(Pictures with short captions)
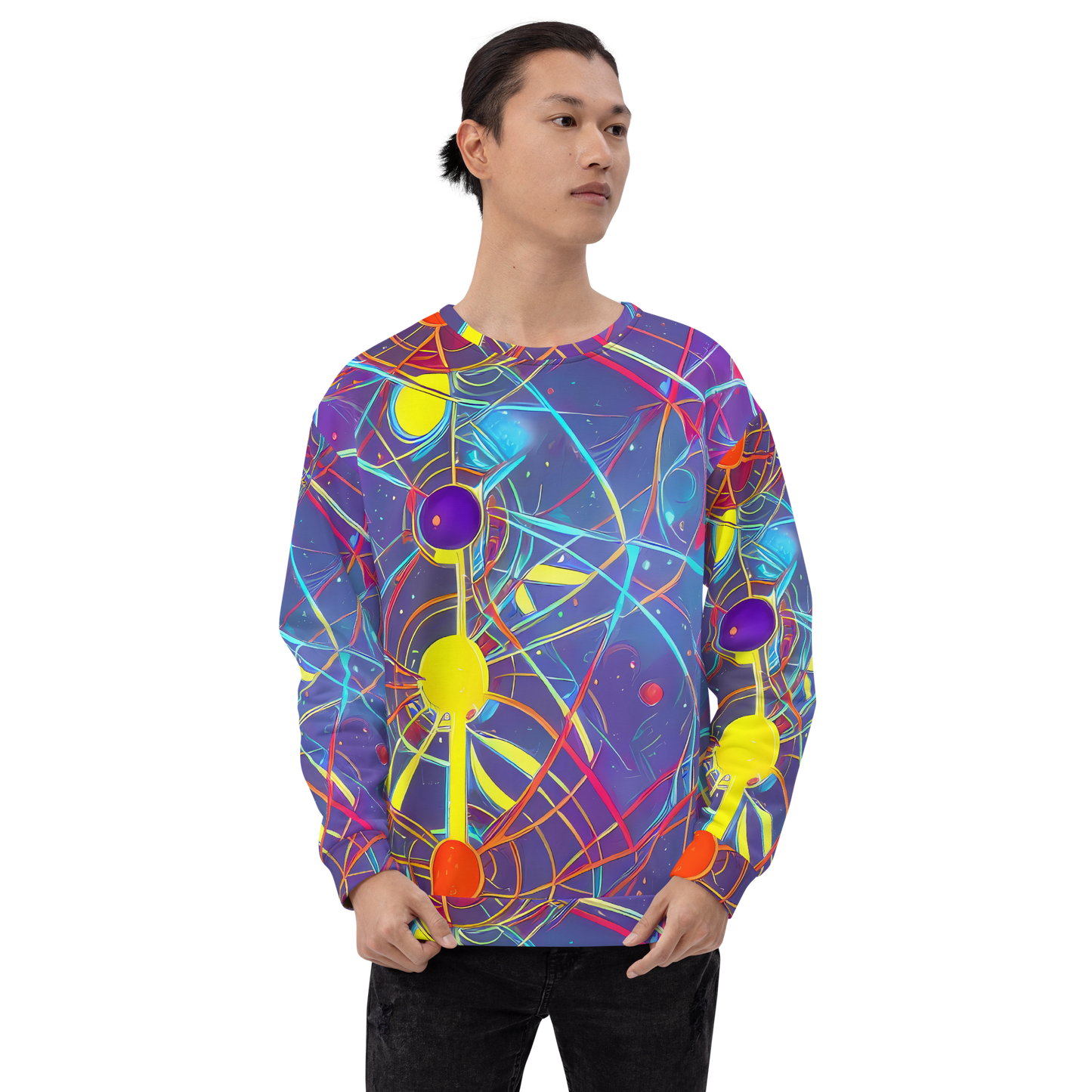 Sweatshirt - Quantum Lattice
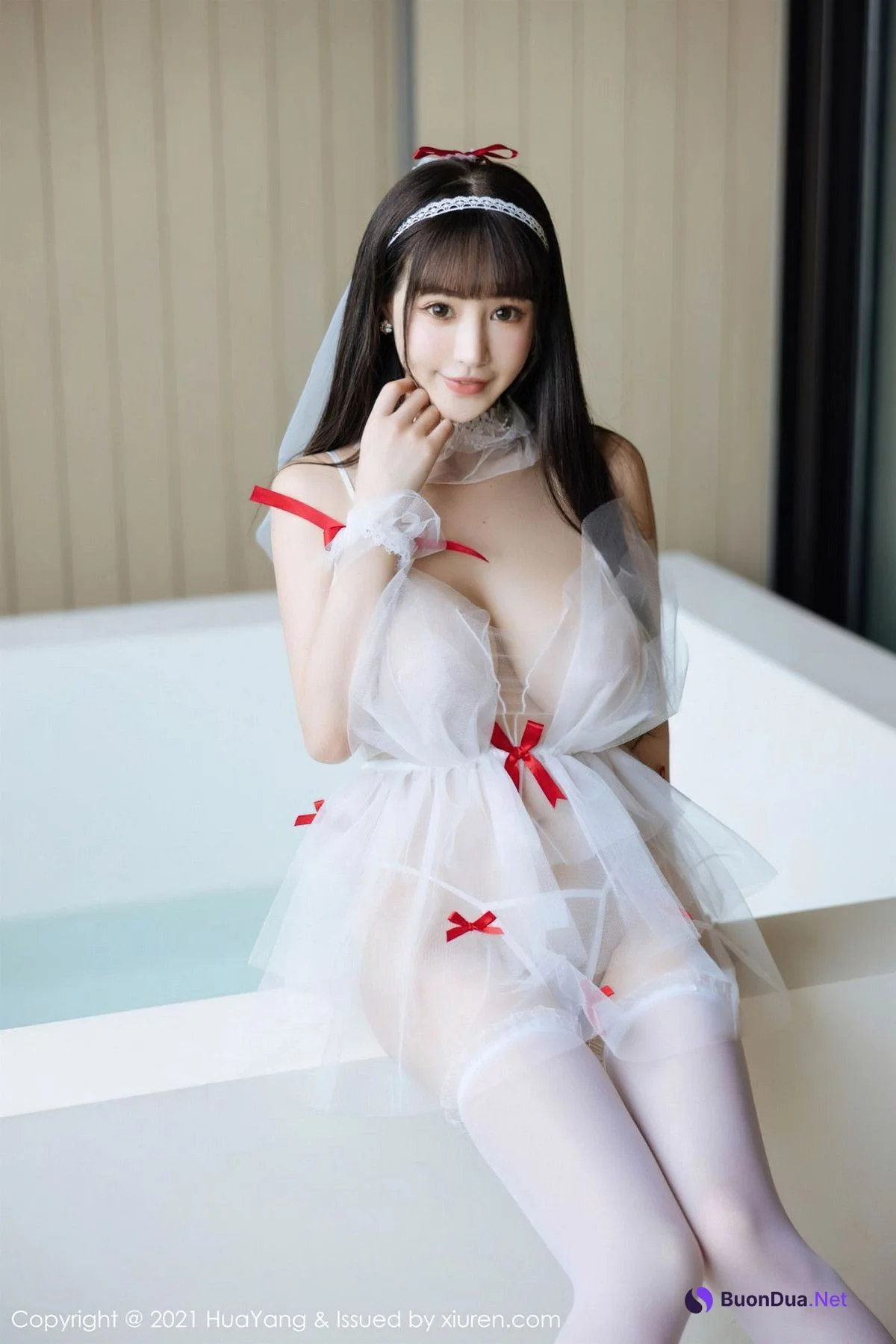 [HuaYang花漾] 2021.12.30 Vol.477 朱可儿 - Photo 5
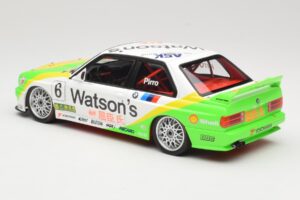 BMW M3 E30 Team Schnitzer #6 E. Pirro Winner Macau Guia Race 1991 Minichamps 1:18 155912006 Μέταλλο - εικόνα 5 από 6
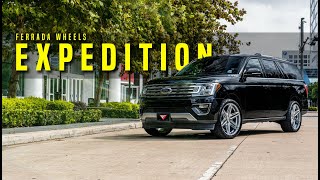 2019 Ford Expedition Max  Ferrada Wheels FT4 [upl. by Fishman]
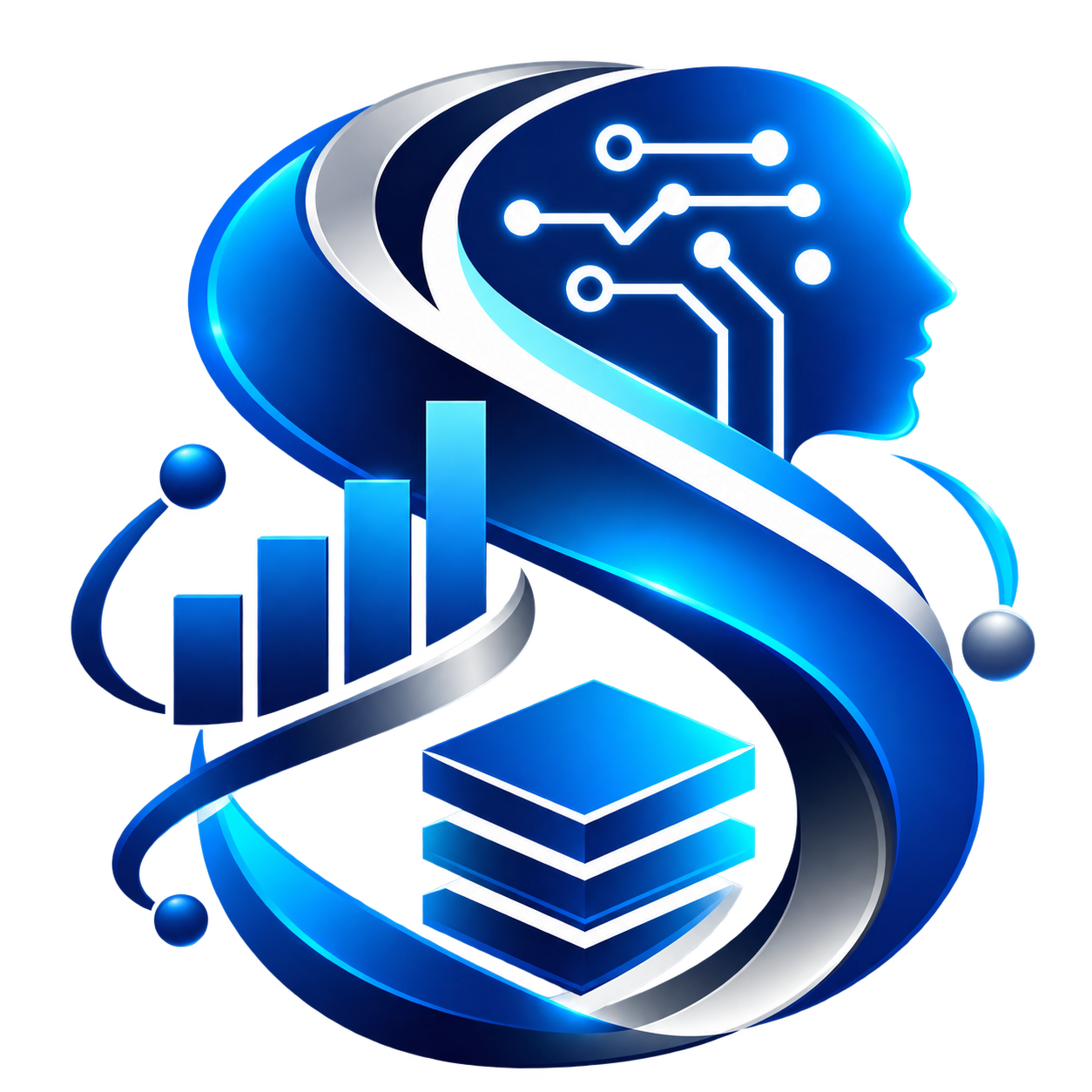 Smart Technology Organization logo combining artificial intelligence, growth analytics and data systems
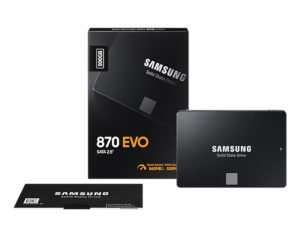 Samsung Hard Disk SSD 500GB 870 EVO Series SATA3 MZ-77E500B/EU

WHAT THE TASK ASKS: Starting from the line with "[HuaYang花漾] 2021.12.30 Vol.477 朱可儿 - Photo 5" in the records above, repeat each line exactly until you have written the line with "Smart Technology Organization", then stop; drop the pictures.

RESPONSE:
 [HuaYang花漾] 2021.12.30 Vol.477 朱可儿 - Photo 5
 BMW M3 E30 Team Schnitzer #6 E. Pirro Winner Macau Guia Race 1991 Minichamps 1:18 155912006 Μέταλλο - εικόνα 5 από 6
 2019 Ford Expedition Max  Ferrada Wheels FT4 [upl. by Fishman]
 Smart Technology Organization logo combining artificial intelligence, growth analytics and data systems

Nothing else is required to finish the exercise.